Y sin embargo sus libros se reeditan sin parar. Aunque ese mundo armónico no ha llegado aún, es plausible alcanzarlo, y sobre todo porque la imperfección es tan humana como el ansia de superarse. Hoy hay menos pobres (aquí, no en el resto del planeta, un fallo colosal) que cuando Verne vivía, hay mejores medicinas, más atención sanitaria, mejores sistemas educativos y el conocimiento no es sólo para las élites y sus hijos, sino que se puede acceder a él por múltiples vías (otra cosa es que la mayoría no mueva un dedo por conseguirlo). Verne soñó con un desarrollo sin fin, como una espiral que cada vez se abre más, siempre ascendente. Hoy vemos que un mayor nivel de conocimiento no conlleva mejores ciudadanos, ni el fin de las injusticias. Es más una evolución lenta, de hormiga más que de cigarra. No hay ideología, religión o dogma revolucionario y salvador que lo arregle todo. No hay un camino fácil. No son los cien metros lisos. Es una maratón, y donde no hay meta final, sólo alguien esperando para recoger el testigo que tú le pasas.

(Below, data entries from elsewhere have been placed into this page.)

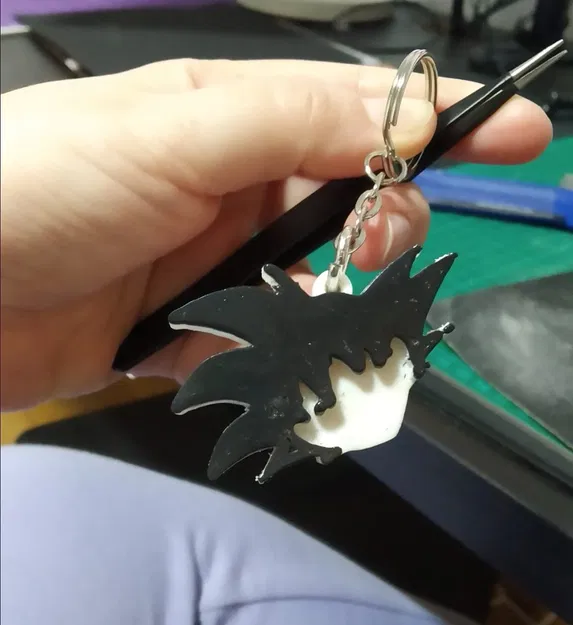 Keychain Goku - Image 2
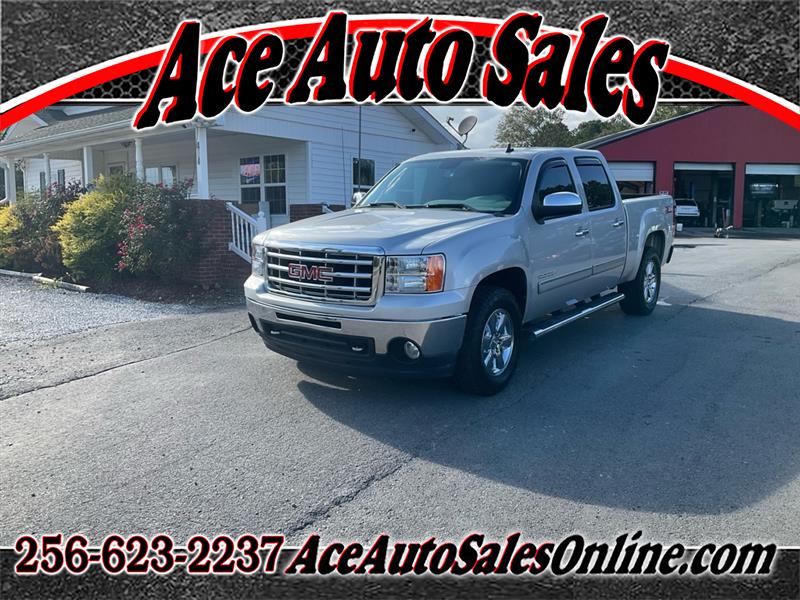 2011 GMC Sierra 1500 SLE Crew Cab 2WD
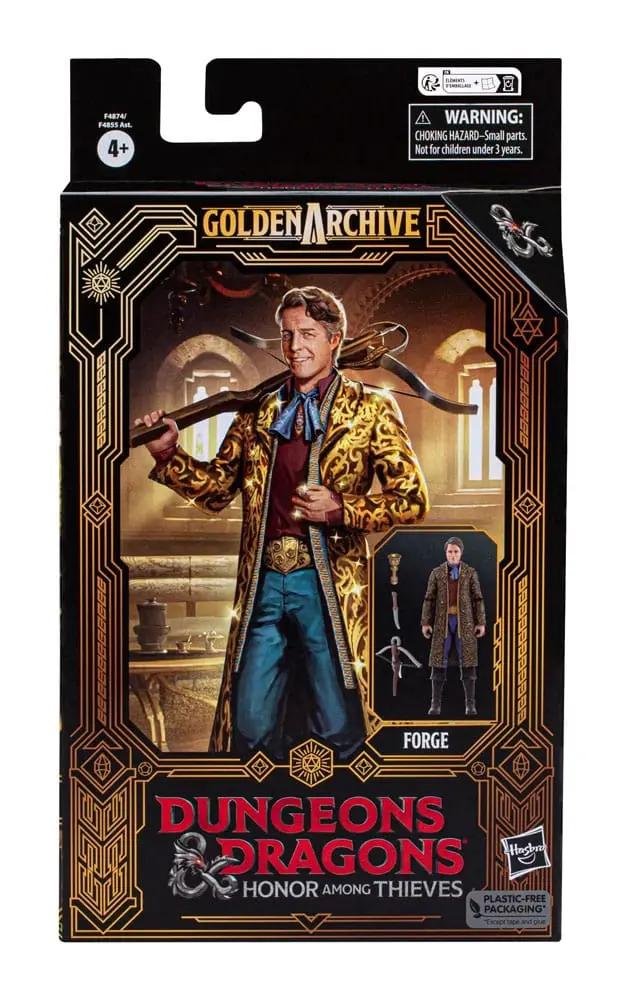 Dungeons & Dragons: Honor Among Thieves Golden Archive Forge akciófigura 15 cm termékfotó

Al final todo es tan sencillo como volver a los clásicos, a esa conclusión tan antigua, la del justo término medio. Es la sensatez, la práctica y la moderación, es la vista a largo plazo, el cálculo práctico y sobre todo la confianza en que se puede mejorar y no repetir una y otra vez los mismos errores. “Quiero vivir como cuando era joven”. No hay peor aberración que intentar quedarse en un lugar estable y seguro. Así no funciona el universo. A la evolución material debe acompañarse de una evolución moral en la que dejemos de tratarnos unos a otros como parias, donde los pequeños detalles tribales se difuminen, donde reine el máximo común antes que el mínimo diferenciador. Una sociedad donde junto a la tecnología vayan nuevos valores que premien el mérito, el esfuerzo, el conocimiento, la sociabilidad y la comprensión del otro antes que el orgullo de la diferencia. Quizás Verne sólo se adelantó demasiado. O nosotros nos hemos frenado.